ML will augment existing manufacturing processes, but it won’t replace them.
Amid the shift towards more complex chips at advanced nodes, many chipmakers are exploring or turning to advanced forms of machine learning to help solve some big challenges in IC production.
A subset of artificial intelligence (AI), machine learning, uses advanced algorithms in systems to recognize patterns in data as well as to learn and make predictions about the information. In the fab, machine learning promises to provide faster and more accurate results in select areas, such as finding and classifying defects in chips. Machine learning also is used in other process steps, but there are still some challenges to deploy it.
Machine learning isn’t new. It has been used in computing and other fields for decades. It first appeared in semiconductor production in the 1990s. Some saw it as a way to help automate the steps for some manually-driven fab equipment.
Over time, machine learning has made staggering progress in computing and elsewhere. Recently, many chipmakers have deployed the technology for select applications in inspection, lithography and metrology. But it doesn’t solve all problems in the fab, and it will not replace the traditional methods. So far, more advanced forms of machine learning are not widely deployed throughout the fab, and some gaps remain. In machine learning, for example, a system requires large data sets. If the data sets are insufficient, a system can generate questionable results.
Still, some chipmakers are now either exploring or starting to use more advanced forms of machine learning algorithms in more parts of the fab. In one form or another, machine learning has the potential to help boost some fab processes.
“The majority of what’s deployed in fabs is still single-level machine learning algorithms. Most of the industry is just beginning to make the transition to deep learning with a big gap between leaders and followers,” said Dan Hutcheson, chief executive of VLSI Research. “It varies quite a bit, but I’d say the applications that have reaped the most rewards are preventive maintenance, defect classification, improved sub-wavelength resolution, design-for-manufacturing, optimizing design rule constraints, managing yield and quality, and predicting die yields.”

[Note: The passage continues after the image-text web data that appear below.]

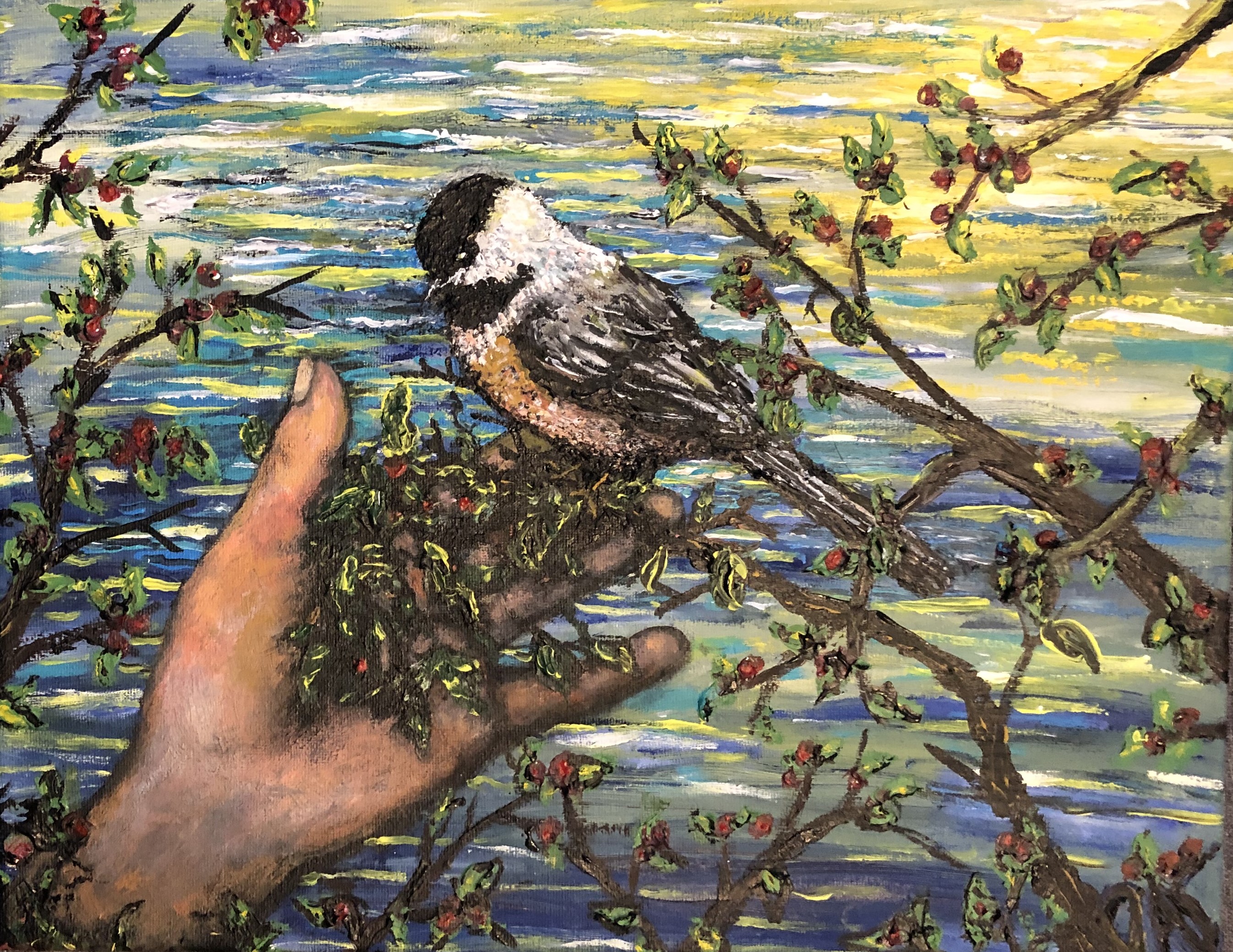 Bird Respite painting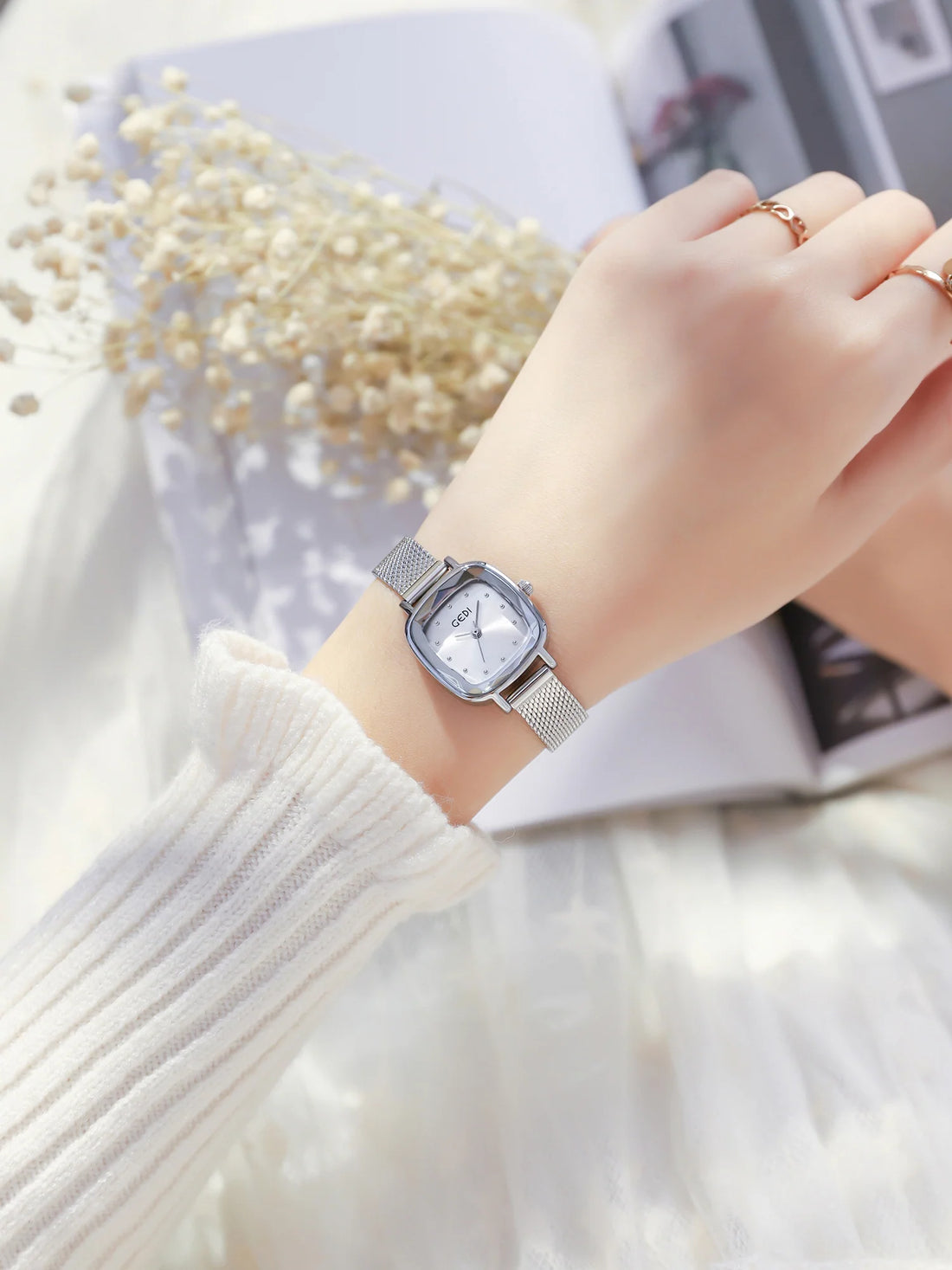 Mirielle Delicate Square Watch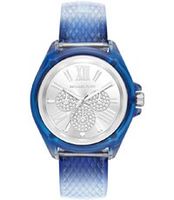 Horlogeband Michael Kors MK6680 Kunststof/Plastic Blauw 20mm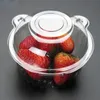 Plastic Cupcake Cake Muffin Dome Case Disposable Fruit Salad Holder Boxes Container Packaging Box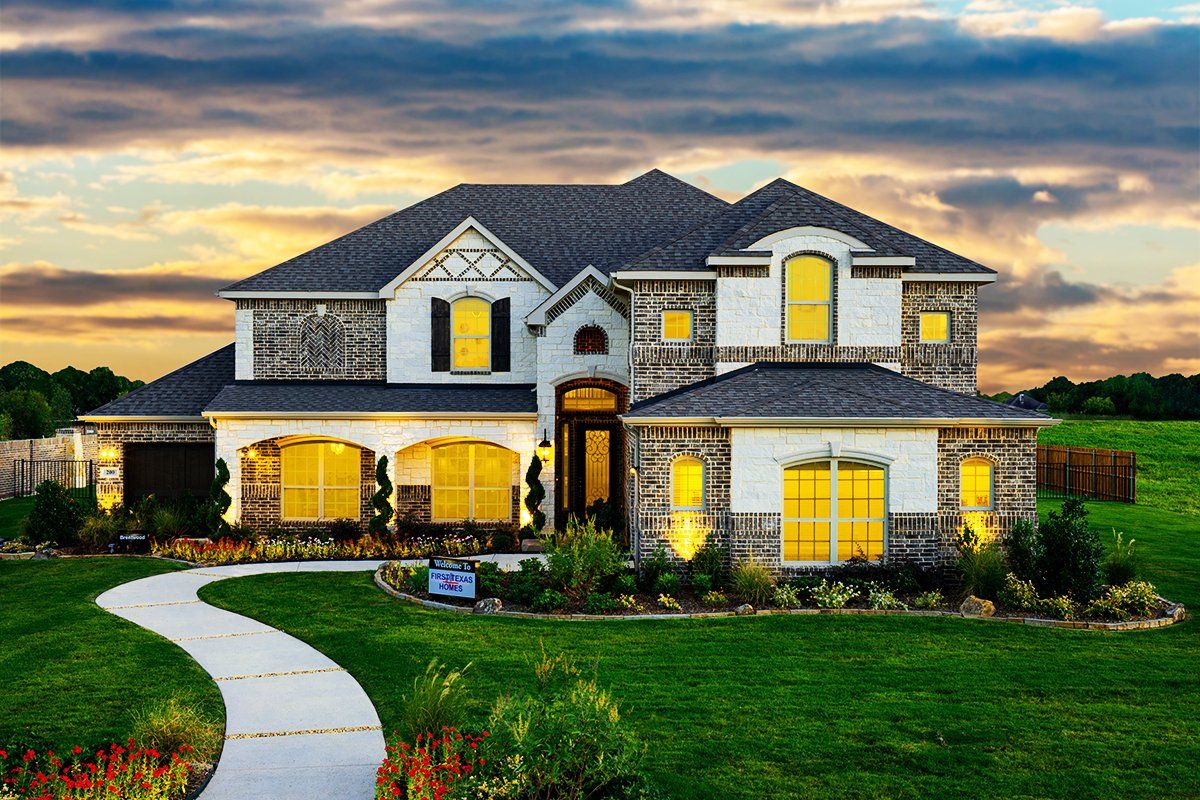 Exteriors First Texas Homes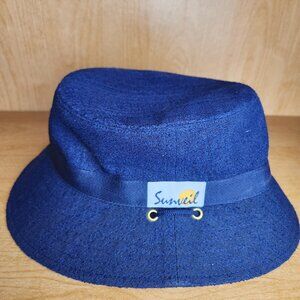 Sunveil, navy Softimo bucket Hat with draw string UV protection sz small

With that in mind, some chipmakers are looking at machine learning to gain a competitive edge. Potentially, it may accelerate the cycles of learning in the fab and speed up product development times. “Everybody’s looking at it — some people have been looking at it for two or three years, and some people are just starting to look at it today,” said Ted Doros, senior member of the technical staff at Micron Technology. “We know that our competitors are dabbling, or more than dabbling with it, and so we are in a race. We know that everybody is running a similar kind of race.”
Nonetheless, chip customers need to keep an eye on the technology and how it might impact current and future IC designs. Here are just some of the places where machine learning is being used in the fab today:
What is machine learning?
Semiconductor fabs are automated facilities that process wafers using a variety of equipment in a cleanroom. In operation, a batch of wafers is transported to one piece of equipment and then processed based on a given manufacturing flow. Then the wafers are transported to the next equipment and processed, and so on.
In the early days of the IC industry, semiconductor manufacturing was relatively primitive. “The tools themselves, for the most part, were mechanically turned on and off. Someone programmed different parameters for them to function,” VLSI Research’s Hutcheson said. “The first computer controls didn’t arrive until sometime in the 1990s. What I mean is real-time computer process control.”
Generally, the fab equipment was, and still is, designed using mathematical models and conventional programming methods. The mathematical models describe how a system is supposed to operate.
Fab tools were also manually driven in the early days. In semiconductor production, machine learning emerged in the 1990s, when some chipmakers began to look at it as a means to automate some fab tool processes.
Machine learning is different than the traditional math models and programming techniques. It utilizes a neural network to crunch data and identify patterns. It matches certain patterns and learns which of those attributes are important.
There are two main types of machine learning, supervised and unsupervised. In supervised machine learning, “an algorithm uses training data and feedback from humans to learn the relationship of given inputs to a given output,” according to one definition from McKinsey & Co. In unsupervised machine learning, “an algorithm explores input data without being given an explicit output variable.”
In the beginning, though, machine learning was limited. For it to work, the technology requires compute power and large data sets. In the 1990s, the industry lacked both.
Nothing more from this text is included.